Both Morrison’s New Crossings and Moreno’s Crossing Waters explore migratory waves from the Caribbean to other territories. On the one hand, Morrison amplifies the public agency that most of these migrant authors exert––a legacy related to the négritude movement in the 1930s. Echoing their Afro-Caribbean intellectual predecessors, she reveals the particularities and unexplored aspects of Caribbeanness in public writing by the authors she examines. On the other hand, Moreno uses artwork and literature to emphasize that some of these movements have been invisibilized and treated as problematic because undocumented migrants undermine the imposed global North’s gaze over the Caribbean region, by contesting the thought of the Caribbean as people ready to fulfill any leisure, a cleansed spatiality from socioeconomic issues. These two books collect and critique a corpus that expands our knowledge of Pan-Caribbean interrelations, and in turn, of the global relations formed through both South-North and South-South migrations. These stories and historiographies from Afro-Caribbean migrants constitute an indispensable political statement, since most scholarship on the Caribbean often ignores migrant communities. Both authors center migrant subjects as dignified beings by reflecting on their speech, whether authors or undocumented migrants. Read together, New Crossings and Crossing Waters offer a panorama of cultural inquiry about diasporic movements and their repercussions on intellectual history and the violations of human rights of migrants from and in the Caribbean territories. Scholars from the social sciences and the humanities interested in the intersectionality of race, intellectual history, and language in the Caribbean region and its diasporas could benefit from the perspectives that these two books propose. In addition to cultural studies with a focus on ethnicity, scholars dedicated to human rights and border studies will also find these contributions to be helpful and appealing.

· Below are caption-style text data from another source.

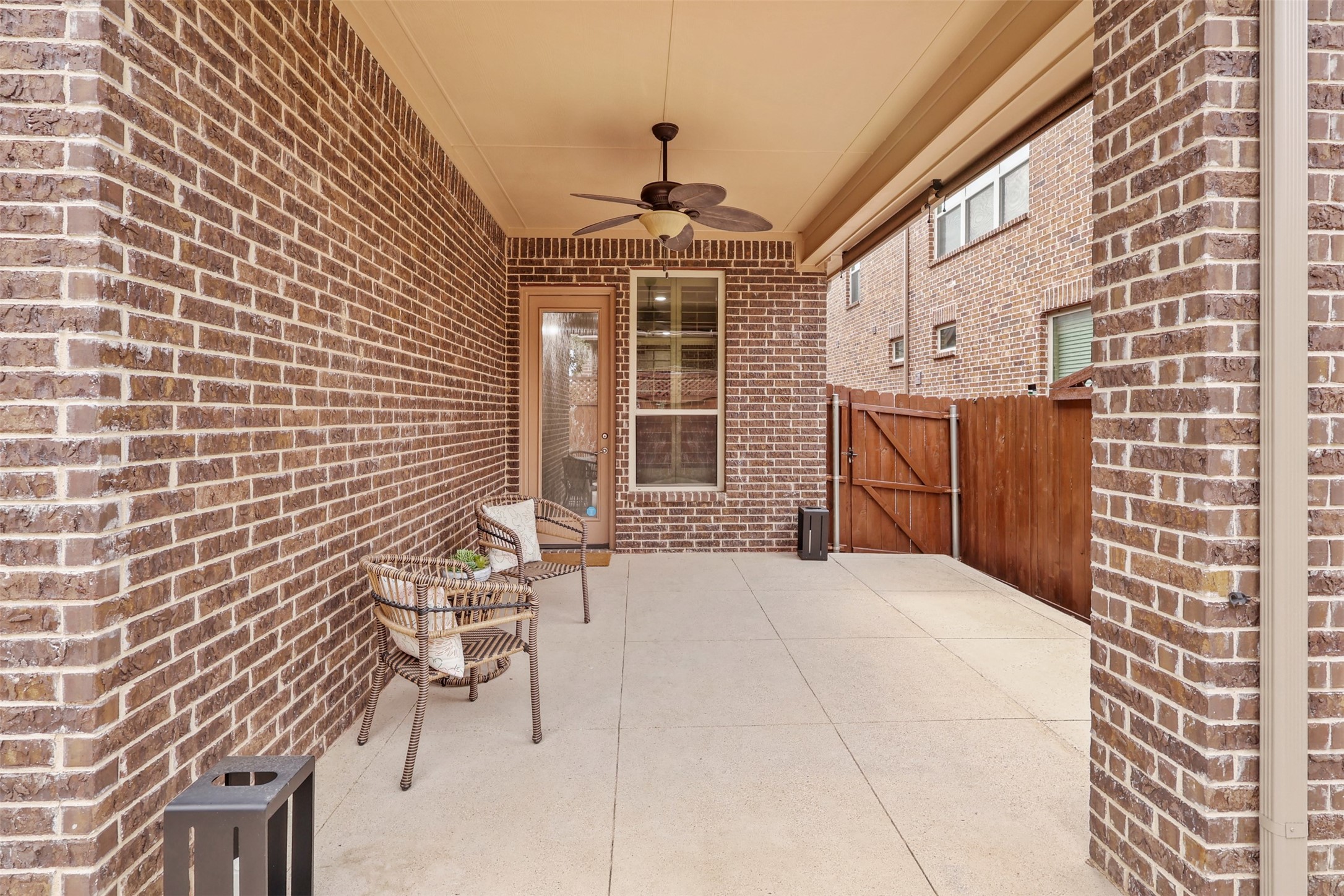 437 Middleton Drive, Roanoke, TX, 76262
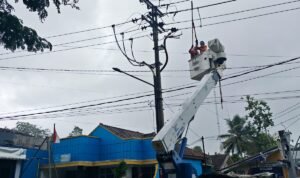 PDKB PLN UP3 Tasikmalaya Bergerak Bantu Pulihkan Sistem Kelistrikan Sukabumi Pasca Bencana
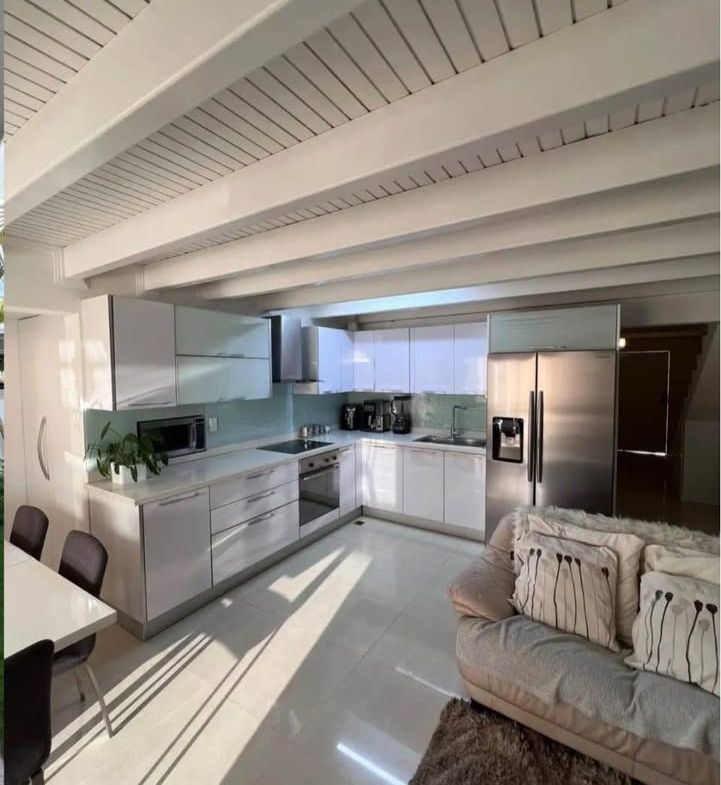 768452820_28087455464204681_8986787155449243860_n En alquiler Casa Bote, En casas bote B
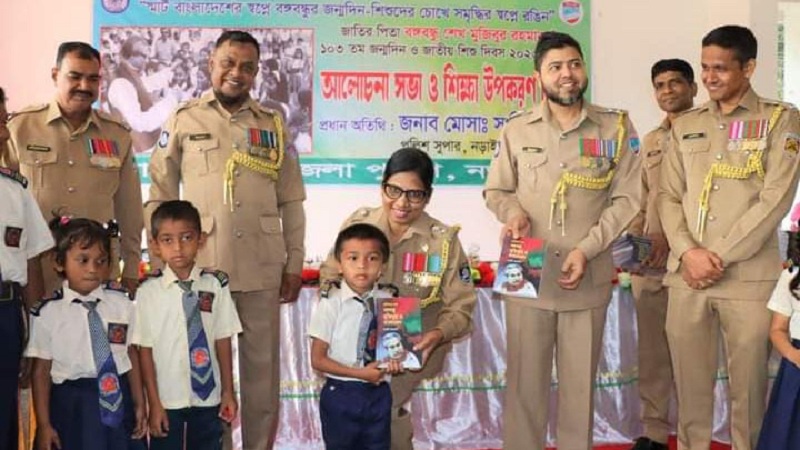 নড়াইলে বঙ্গবন্ধুর জন্মবার্ষিকী ও জাতীয় শিশু দিবস উপলক্ষে শিশুদের মাঝে বই বিতরণ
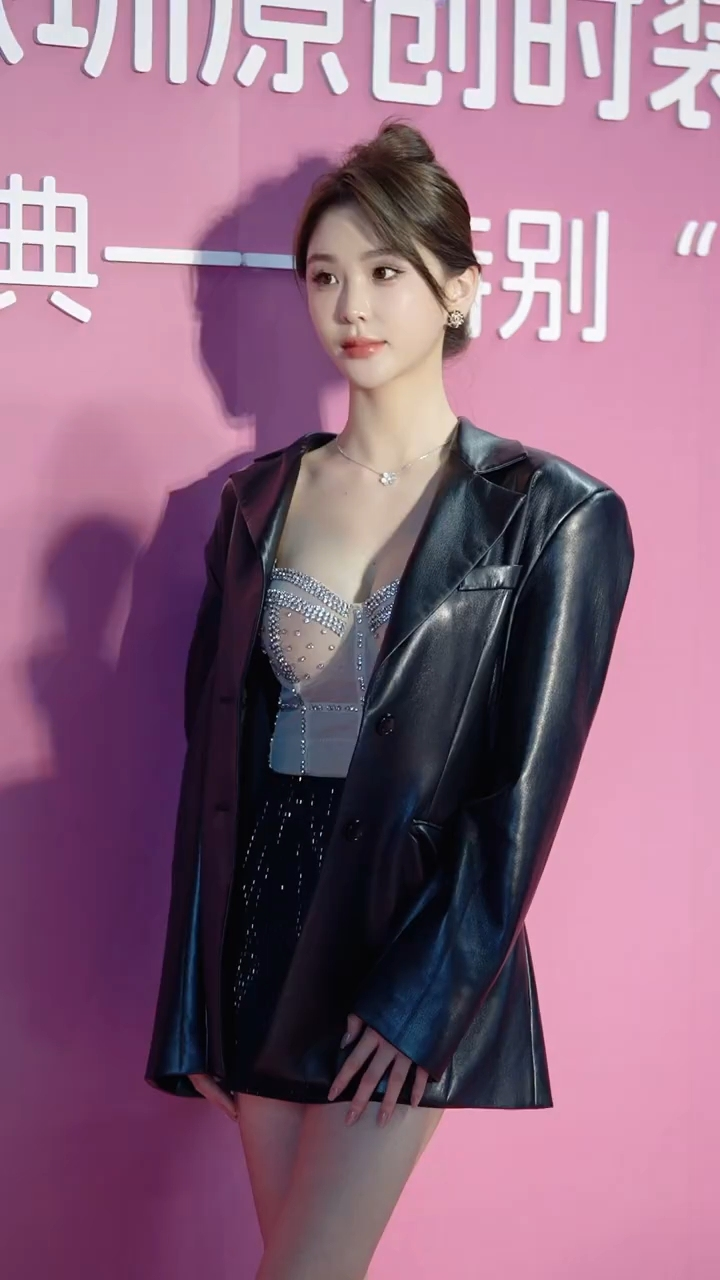杨紫同款皮草“炸场皮衣”新款绵羊皮真皮皮衣外套女鱼骨钉钻抹胸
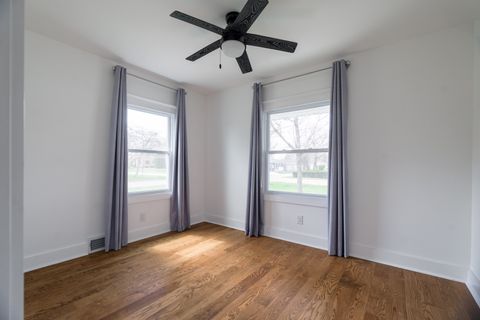 Tiny photo for 1600 Bucklin Street, Lasalle, IL 61301 (MLS # 12613835)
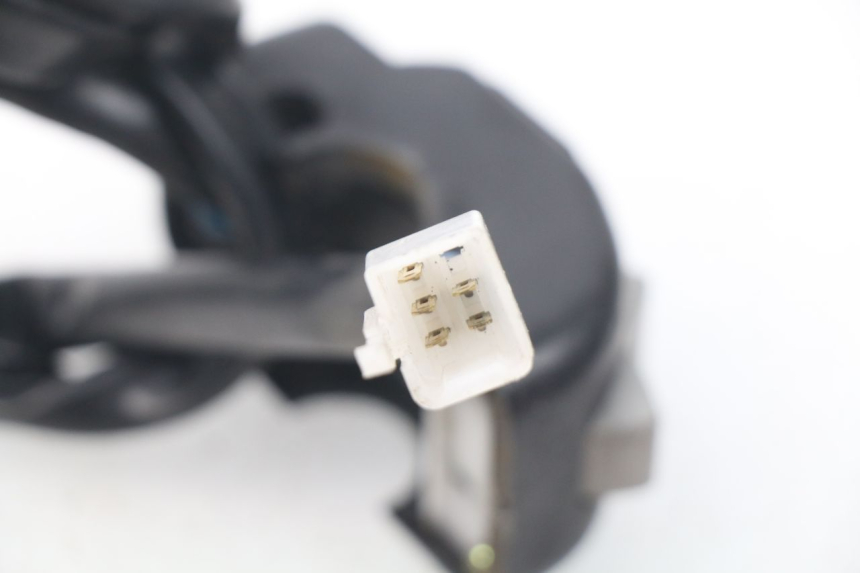 photo de PRZEŁĄCZNIK LEWY KYMCO AGILITY RS 2T 50 (2009 - 2013) - Widok ogólny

Oriana Mejías Martínez is a college instructor and doctoral candidate at City University of New York Graduate Center. Her interests revolve around Latin American and Caribbean visual cultures and literature, specifically the history of popular revolt and social movements, as well as the Afro-Latin American diaspora experience in the global South.
[1] See David Newman, “The Lines That Continue to Separate Us: Borders in Our ‘Borderless’ World,” Progress in Human Geography 30, no. 2 (2006): 143–61, in which Newman explains how the border is the institutionalization of difference and how “the process between inclusion/exclusion are determined” in that place (148); and Lorgia García-Peña, The Borders of Dominicanidad: Race, Nation, and Archives of Contradiction (Durham: Duke University Press, 2016), where García-Peña describes the process of bordering as “a continuum of actions that affect human beings,” implying “an actor (who enacts the bordering) and a recipient (they who are bordered)” (6).